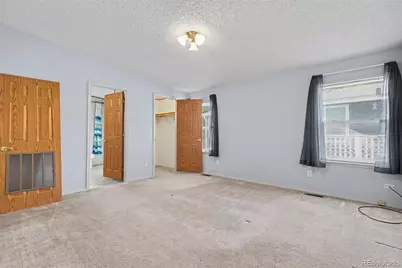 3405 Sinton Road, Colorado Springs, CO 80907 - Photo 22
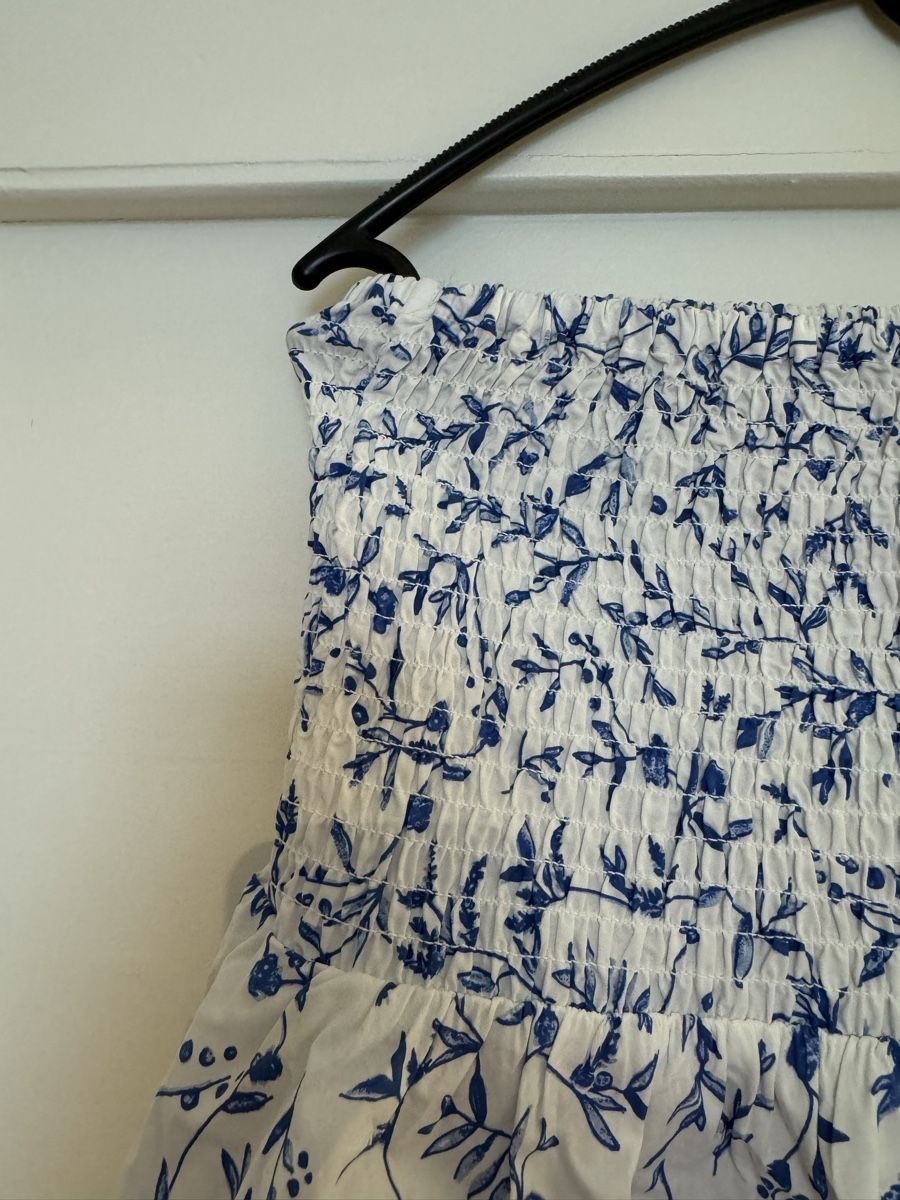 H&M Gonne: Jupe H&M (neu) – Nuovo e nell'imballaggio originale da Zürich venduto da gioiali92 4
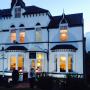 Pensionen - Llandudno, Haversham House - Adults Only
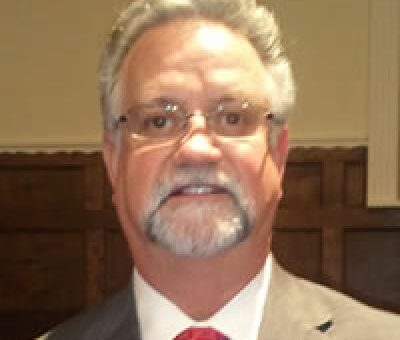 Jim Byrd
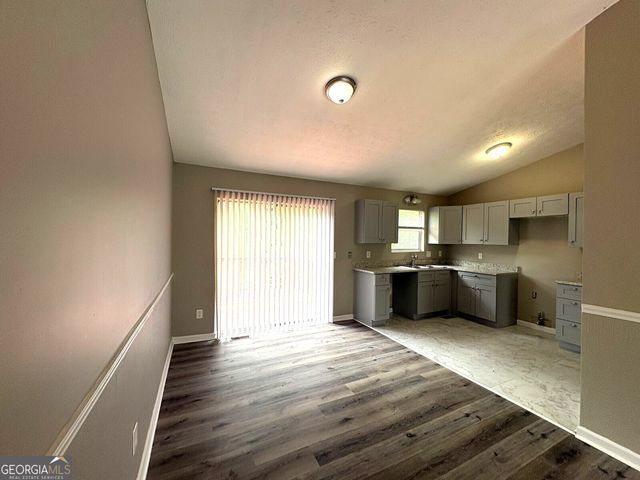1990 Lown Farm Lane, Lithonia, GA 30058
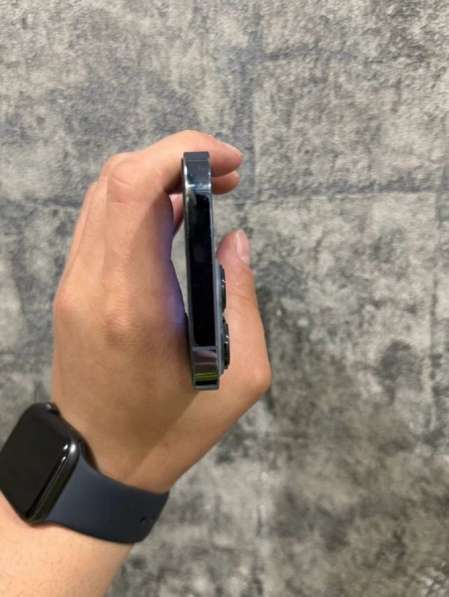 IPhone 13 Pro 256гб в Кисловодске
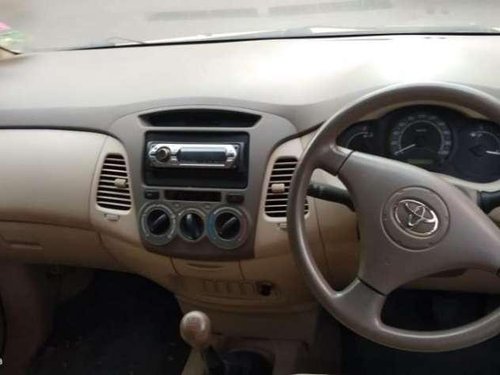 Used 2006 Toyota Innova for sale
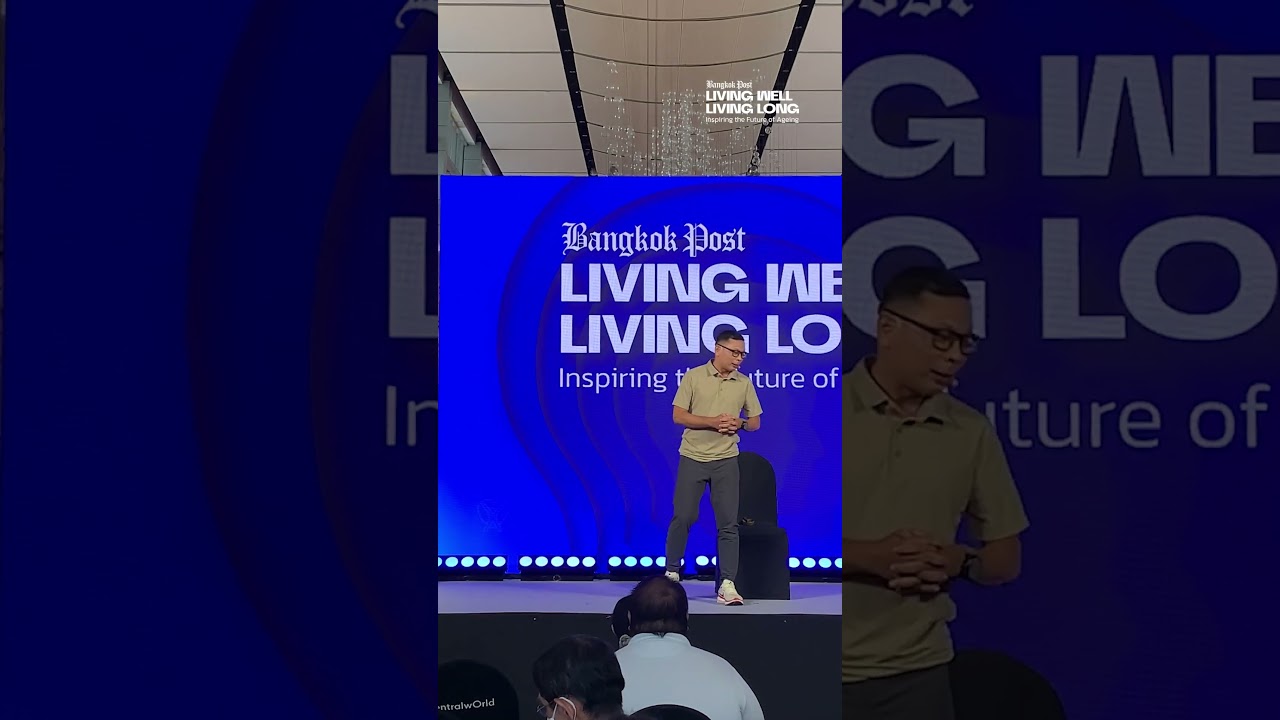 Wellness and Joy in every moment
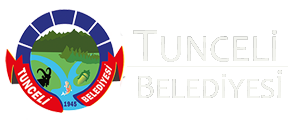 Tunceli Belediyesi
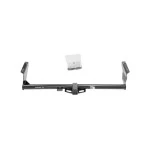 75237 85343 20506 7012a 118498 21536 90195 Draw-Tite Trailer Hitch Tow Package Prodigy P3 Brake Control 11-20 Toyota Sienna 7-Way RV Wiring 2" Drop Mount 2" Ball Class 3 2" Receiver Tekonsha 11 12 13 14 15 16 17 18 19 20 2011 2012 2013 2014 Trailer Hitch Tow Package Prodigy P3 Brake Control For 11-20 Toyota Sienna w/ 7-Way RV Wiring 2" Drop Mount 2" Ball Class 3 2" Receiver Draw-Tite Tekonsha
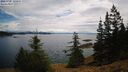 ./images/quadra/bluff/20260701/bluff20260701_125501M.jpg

==

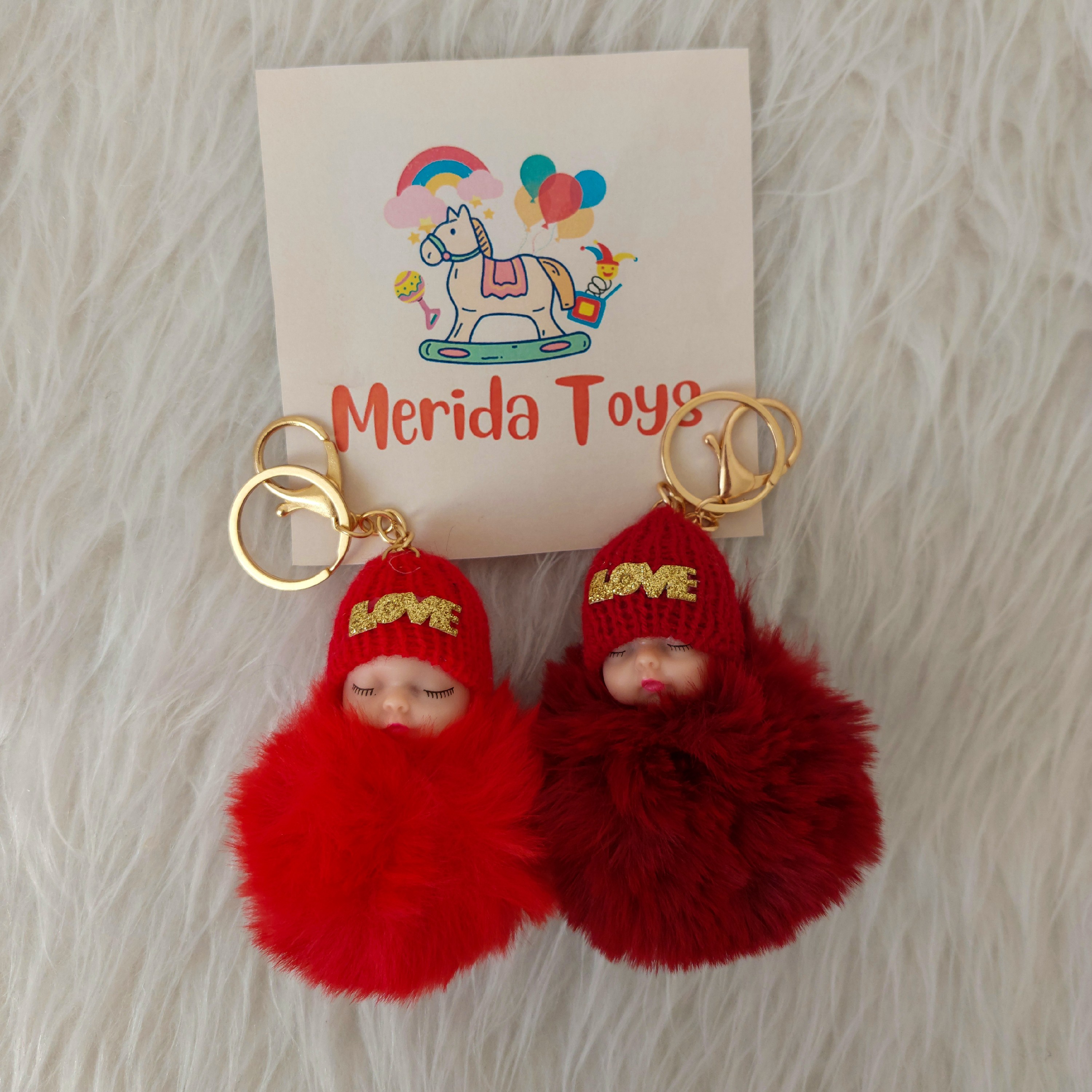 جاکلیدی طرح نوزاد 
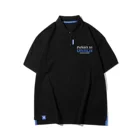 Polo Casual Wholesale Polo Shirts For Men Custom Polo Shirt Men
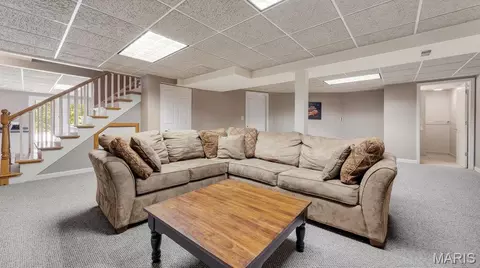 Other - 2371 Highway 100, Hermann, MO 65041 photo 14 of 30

**How to complete this task**
Take the entries above and copy exactly the lines starting at the one with "جاکلیدی طرح نوزاد" and ending at the one with "Other - 2371"; nothing outside that span, and no pictures.

**Exercise solution**
 جاکلیدی طرح نوزاد 
 Polo Casual Wholesale Polo Shirts For Men Custom Polo Shirt Men
 Other - 2371 Highway 100, Hermann, MO 65041 photo 14 of 30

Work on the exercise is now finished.